Nelson Mandela, Madiba, resta toute sa vie fidèle à la plaidoirie qu’il prononça lors du procès de Rivonia, il y a un demi-siècle, vouant sa vie à la « lutte pour le peuple africain », pour « l’idéal d’une société démocratique et libre dans laquelle tous vivraient ensemble, dans l’harmonie, avec d’égales opportunités ».
Nelson Mandela savait qu’il ne suffit pas d’abolir certaines lois iniques pour faire disparaître les idées qui ont pu conduire à leur adoption. Il était conscient que tout ne vient pas en quelques mois, conscient du chemin qui reste à parcourir pour que chacun vive dans le respect et la dignité qui lui sont dus.
Nelson Mandela nous lègue ce message, cette responsabilité, celle d’œuvrer encore et toujours pour la liberté, contre les discriminations raciales, pour ces idéaux universels auxquels notre pays est si profondément attaché.
Mes chers collègues, par vos applaudissements, je vous demande de rendre hommage à Nelson Mandela. (Applaudissements prolongés.)
3
Souhaits de bienvenue à M. Ilir Meta, président de l’Assemblée de la République d’Albanie
M. le président. Mes chers collègues, j’ai l’honneur et le plaisir de saluer la présence, dans la tribune officielle, de M. Ilir Meta, président de l’Assemblée de la République d’Albanie. (Mmes et MM. les sénateurs, ainsi que les membres du Gouvernement se lèvent et applaudissent.)
M. Meta est accompagné de Mme Monika Kryemadhe, députée membre de la commission pour l’intégration européenne, de Son Excellence M. Dritan Tola, ambassadeur d’Albanie en France, et de notre collègue Bernard Fournier. Je me suis entretenu avec nos deux collègues albanais ce midi, avant qu’ils ne rencontrent des membres du groupe d’amitié.
Leur visite s’inscrit dans un contexte renouvelé, après les élections législatives de juin dernier qui ont permis l’alternance politique en Albanie et avec la proposition récente de la Commission européenne d’octroyer à ce pays le statut de candidat à l’Union européenne. La France soutient le processus de réformes qui permettra à l’Albanie d’entamer les négociations d’adhésion.
La visite du président Meta et de sa collègue contribue à renforcer encore les excellentes relations entre nos deux pays et nos deux assemblées.
Au cours des derniers mois, le Sénat a conduit une coopération intense en faveur du renforcement du Parlement albanais, dans le cadre d’un jumelage qui a abouti à la rédaction de guides de travail dans des domaines comme la procédure législative, le contrôle de l’action gouvernementale et la communication.
Je forme des vœux pour que le séjour des membres de la délégation réponde à leur attente, et je leur souhaite, en mon nom personnel et au nom du Sénat tout entier, la plus chaleureuse bienvenue. (Applaudissements.)
4
Hommage à deux soldats français morts en République centrafricaine
M. le président.
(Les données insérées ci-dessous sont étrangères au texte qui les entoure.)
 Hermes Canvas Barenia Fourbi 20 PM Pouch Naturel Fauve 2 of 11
Mesdames, messieurs les ministres, mes chers collègues, avant que nous n’engagions le débat sur l’intervention des forces armées françaises en République centrafricaine, c’est avec une grande émotion que je souhaite rendre hommage aux deux soldats français du 8e régiment de parachutistes d’infanterie de marine de Castres, qui sont morts au combat cette nuit à Bangui. (Mmes et MM. les sénateurs, ainsi que les membres du Gouvernement se lèvent.)
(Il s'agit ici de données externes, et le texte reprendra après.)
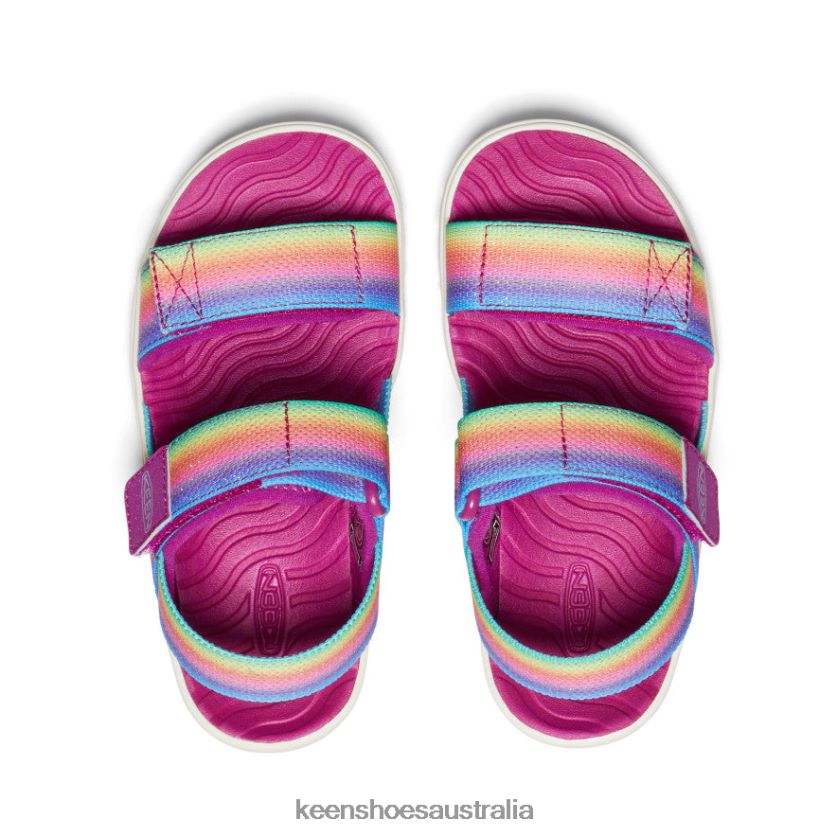 KEEN Footwear TLDLTR725 Rainbow/Festival Fuchsia Elle Backstrap Little Kids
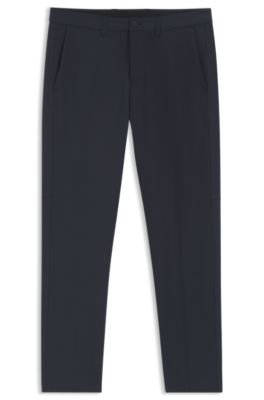 Regular-fit trousers in water-repellent stretch fabric, Dark Blue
Le Sénat tout entier salue l’immense courage de ces deux hommes, qui ont fait le sacrifice de leur vie pour défendre les valeurs universelles de liberté et de démocratie.
Nous exprimons à leurs familles et à leurs proches nos condoléances les plus attristées. Nous nous associons à leur douleur, ainsi qu’à celle de leurs camarades de régiment.
Nos pensées vont également à cette heure vers l’ensemble des militaires déployés en République centrafricaine pour rétablir la sécurité et protéger les populations.
Mes chers collègues, je vous demande de bien vouloir observer une minute de silence pour honorer la mémoire des deux soldats morts au combat la nuit dernière. (Mmes et MM. les sénateurs, ainsi que les membres du Gouvernement observent une minute de silence.)
5
Engagement des forces armées en République centrafricaine
Déclaration du Gouvernement suivie d’un débat
M. le président. L’ordre du jour appelle une déclaration du Gouvernement, suivie d’un débat, sur l’engagement des forces armées en République centrafricaine, dans le cadre du mandat résultant de la résolution 2127 du Conseil de sécurité des Nations unies, en application de l’article 35, alinéa 2, de la Constitution.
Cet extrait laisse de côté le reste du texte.